* **What to work on**
From top to bottom, write out the listing exactly and skip every picture.

* **Provided material**
◇ ◇ ◇

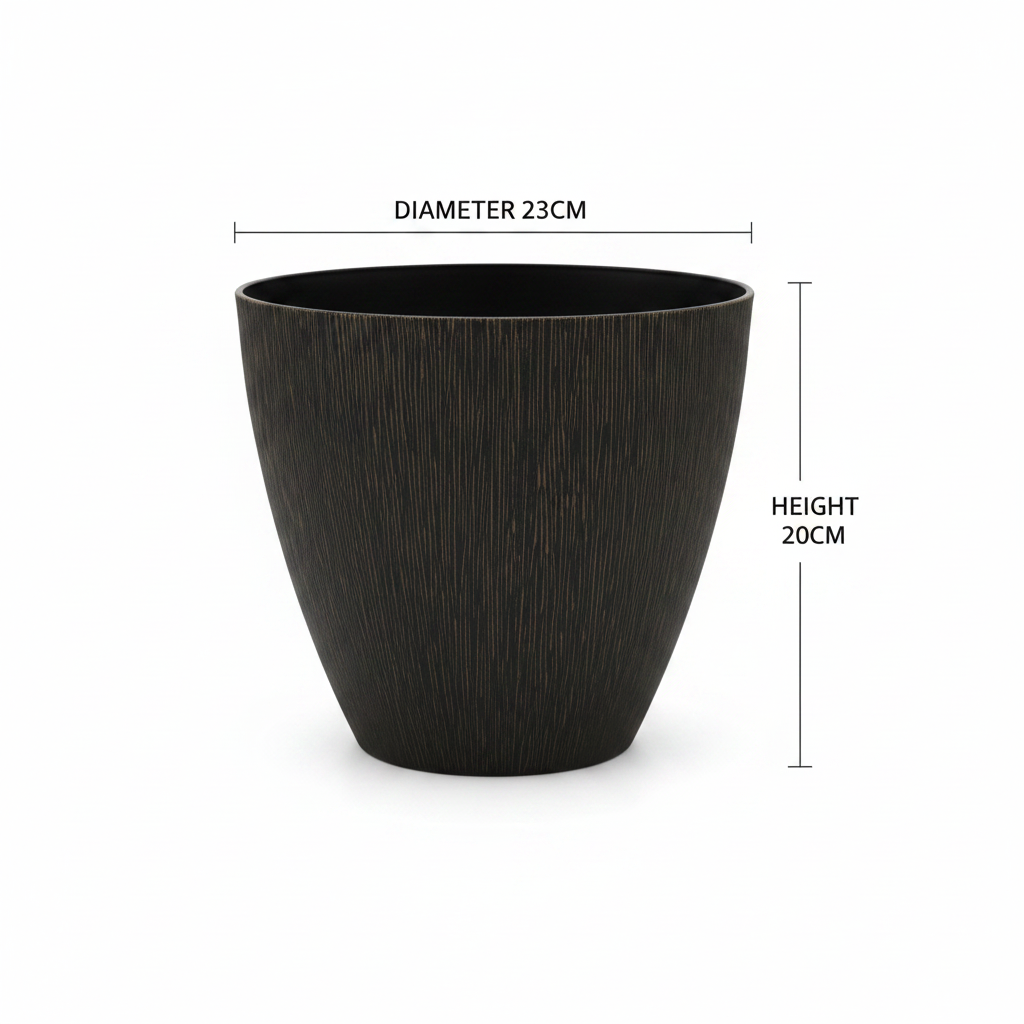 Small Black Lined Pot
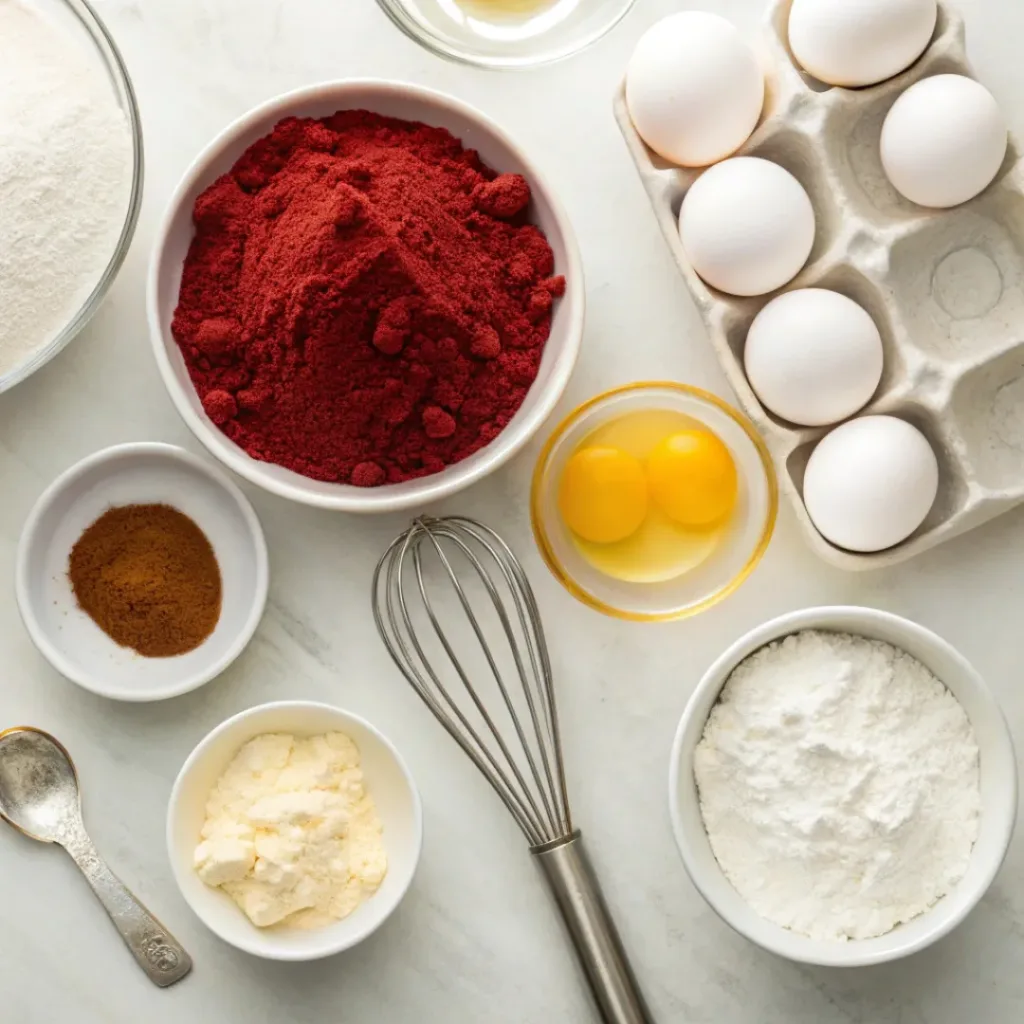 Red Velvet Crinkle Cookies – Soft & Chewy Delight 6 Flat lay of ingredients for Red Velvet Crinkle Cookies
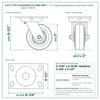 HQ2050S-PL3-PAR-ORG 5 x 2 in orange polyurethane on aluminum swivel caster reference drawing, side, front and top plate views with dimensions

◇ ◇ ◇

* **Response for this exercise**
 Small Black Lined Pot
 Red Velvet Crinkle Cookies – Soft & Chewy Delight 6 Flat lay of ingredients for Red Velvet Crinkle Cookies
 HQ2050S-PL3-PAR-ORG 5 x 2 in orange polyurethane on aluminum swivel caster reference drawing, side, front and top plate views with dimensions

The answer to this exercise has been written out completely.